Le livre de Santa Remere et Elīna Brasliņa est un projet d’éducation féministe : verser dans l’espace public une vaste palette de récits de vie de femmes pour offrir en partage des références ou des modèles auxquels les jeunes pourront s’identifier. Ce faisant, elles invitent à une réappropriation du féminisme en le réinscrivant dans une « herstory » lettone (à partir du XIXe siècle), étonnement riche en personnalités féminines fascinantes pour leur audace et leur liberté. Contrairement aux affirmations des polémistes illibéraux du cru, le féminisme n’est nullement un produit d’importation sur les rives de la Baltique. « Bien des personnages de ce livre sont devenues des ‘’stars’’ dans leurs domaines respectifs, et ont connu de grands succès. Pourtant, ce livre ne prétend pas imposer le « top 50 » des femmes les plus géniales de Lettonie. À travers leur vie, les personnages de Mūsējās nous parlent de l’histoire de notre pays, des guerres, des déportations, des rêves et des espoirs réalisés, de la détermination et de la persévérance » explique Santa Remere. Chaque personnalité est introduite par son seul prénom (le nom complet est donné en index), lequel donne son titre à un texte bref composé comme un jeu avec les codes du conte et de la littérature jeunesse – calibré en quelque sorte pour la lecture du soir –, et qu’accompagne en vis-à-vis un portrait coloré, délicat et malicieux d’Elīna Brasliņa, l’une des illustratrices les plus douées et les plus productives de la jeune génération.
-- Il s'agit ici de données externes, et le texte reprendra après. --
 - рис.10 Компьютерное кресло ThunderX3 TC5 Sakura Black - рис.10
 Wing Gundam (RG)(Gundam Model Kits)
L’originalité majeure du livre – et qui rendait probablement inévitable la polémique, avec ou sans Tatjana Ždanoka – tient à l’acception extraordinairement ouverte que les autrices ont voulu donner à la « lettonité ». Si l’on retrouve dans leur sélection, la plupart des figures consensuelles correspondant idéalement aux canons « ethnoculturels » de rigueur depuis 1991 – Vizma « Bille » (Belševica), Regīna (Ezera), Zenta (Mauriņa), Māra (Zālīte) ou Sandra (Kalniete) –, on trouve aussi plusieurs femmes ayant leurs origines sur le territoire de l’actuelle Lettonie, mais ayant mené leur existence ailleurs, comme l’artiste Vija (Celmiņš), ou l’aventurière Annie Cohen « Londonderry » Kopchovsky – immigrée juive américaine, et nullement de culture « lettone » au sens actuel. Aļona (Ostapenko) ou Aleksandra (Beļcova) sont des Lettones de culture russe. Une très large place est en outre accordée à des artistes, plasticiennes, activistes, poètes contemporaines, parfois sulfureuses ou mal connues du grand public letton : Asja (Lācis), la théoricienne du théâtre bolchévique, ou Mētra (Saberova), la performeuse transgressive. Sont aussi méconnues ces intellectuelles féministes de la charnière des XIXe et XXe siècles comme Anna Rūmane-Ķeniņa ou Milda Palēviča que Santa Remere remet à la place qu’il conviendrait selon elle, de leur rendre : la toute première. On comprend donc que le choix du titre Mūsējās n’était pas dénué d’ironie, puisqu’il bouscule à dessein les usages idéologiques qui sont ordinairement faits du mot (qui est l’équivalent letton du russe « Наши »). Dans son article pour le magazine Punctum, la critique Rasa Jansone insiste toutefois sur l’absence de volonté provocatrice ou scandaleuse de cet album, et, bien au contraire, sur la qualité de son humour, subtil et généreux, qui enveloppe l’ensemble et qui projette sur le passé notoirement tragique de la Lettonie un regard qui rompt avec une posture « victimaire » pour dégager une perspective large et accueillante, créative, joyeuse et libre.